Indian mobile video game

Fearless and United Guards (abbreviated as FAU-G or FAUG) is an action game developed by Bengaluru based company nCORE Games. It was released worldwide on 26 January 2021 for Android and in March 2021 for iOS. The game has been removed from both Google Play Store and App Store as of 2024.

Bollywood actor Akshay Kumar is the brand ambassador of the game and also serves as a mentor to the development process.

==Development==
The game was first announced by Akshay Kumar through his social media accounts on 4 September 2020. The CEO of nCore Games, Vishal Gondal said that the game had been under development since May 2020, and that developers had been recruited to develop the game before the Indian ban on PUBG Mobile. Gondal stated that FAU-G would not be competing with PUBG, and that it would not be a battle royale.

Akshay Kumar claimed that the intention of the game was to support the Indian Prime Minister's AtmaNirbhar Bharat Movement, and that 20% of the net revenue generated from the game would be donated to Bharat Ke Veer trust, an initiative which was implemented as a collaborative effort to support the families of Indian armed forces.

==Release==
The game was initially scheduled for an autumn release in 2020, and it was eventually released for Android on 26 January 2021, and for iOS in March 2021.

==Gameplay==
It features a story mode plotted upon the incidents of the Galwan Valley clash in which the player goes through many close combat fights. Gondal said that FAU-G could incorporate many of India's previous historic border clashes into future episode story lines such as the Kargil incident, the India-Pakistan war of 1971, and the surgical strikes of 2016, among others.

Gondal said, "Once we start getting the data from consumers and what elements they like, we will keep developing the game further. Based on feedback, various modes like a PvP mode and a Battle Royale mode can come to the game in the next few months."

==Reception==
On release, FAU-G received generally mixed-to-negative reviews. The Indian Express gave the game 2 stars of 5, and stated, "good graphics let down by boring gameplay". India Today gave the game 4.5 stars out of 10, and stated, "an incomplete lackluster game that is no PUBG rival". Techradar gave the game 2 stars out five and stated, "FAUG is basic, bland and can hardly be called a game worthy of attention in 2021. While it was rather successful at grabbing the spotlight with the announcement which led to millions of pre-registration, its shoddy content is just a waste of an opportunity." The Hindu gave the game a mixed review with praise for its fluid movement controls, the smooth frame-rate and decent graphics, but criticism for its repetitive game play.
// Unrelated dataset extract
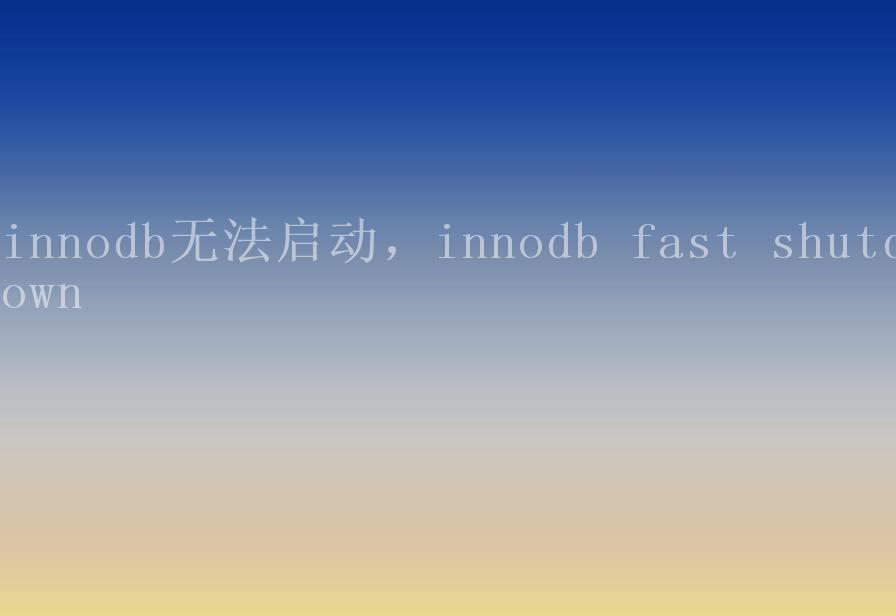 innodb无法启动，innodb fast shutdown1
India Today gave that game 2 out of 5 stars and stated, "As a starting point, FAU-G is about okay as I was not expecting much from the game. However, the lack of any depth content, functionality, or even experience-wise is the main problem. This clearly seems like a rushed-up job to capitalize on the interest and nationalistic feelings around Republic Day. Though the company has stated that FAU-G is not meant to replace or copy PUBG, inevitable comparisons are bound to happen."

It was also a subject of review bombing from audiences, who compared it unfavorably to other battle royale games like PUBG, but still remained the top downloaded game on Play Store. It was the number one game in the 'free games' category on the play store, until after the reviews, it came to 11th position.
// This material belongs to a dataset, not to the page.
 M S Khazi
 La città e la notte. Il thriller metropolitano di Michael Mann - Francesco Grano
===Developer's response===
In response to the criticisms, Vishal Gondal, Founder of nCore Games, stated in a telephone interview with Gadget 360 that, "This is really quite unfortunate. We thought that being an Indian studio, we will receive support and encouragement from people. I can understand we are not five stars, but we are not one star either. I mean, we are somewhere in the middle right now." He called the prevalence of one-star ratings an anomaly.